DATA BLOCK:
* * *

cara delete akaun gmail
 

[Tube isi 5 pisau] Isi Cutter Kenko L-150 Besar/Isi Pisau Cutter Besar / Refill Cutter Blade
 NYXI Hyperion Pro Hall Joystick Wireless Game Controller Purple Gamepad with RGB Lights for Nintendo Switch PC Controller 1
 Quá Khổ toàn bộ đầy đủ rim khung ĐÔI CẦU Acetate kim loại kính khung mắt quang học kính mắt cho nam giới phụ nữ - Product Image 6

* * *

WHAT YOU HAVE TO DO: Please transcribe word for word the lines from the line with "[Tube isi 5" to the end of the material, both ends included.

SOLUTION TO THIS TASK:
[Tube isi 5 pisau] Isi Cutter Kenko L-150 Besar/Isi Pisau Cutter Besar / Refill Cutter Blade
 NYXI Hyperion Pro Hall Joystick Wireless Game Controller Purple Gamepad with RGB Lights for Nintendo Switch PC Controller 1
 Quá Khổ toàn bộ đầy đủ rim khung ĐÔI CẦU Acetate kim loại kính khung mắt quang học kính mắt cho nam giới phụ nữ - Product Image 6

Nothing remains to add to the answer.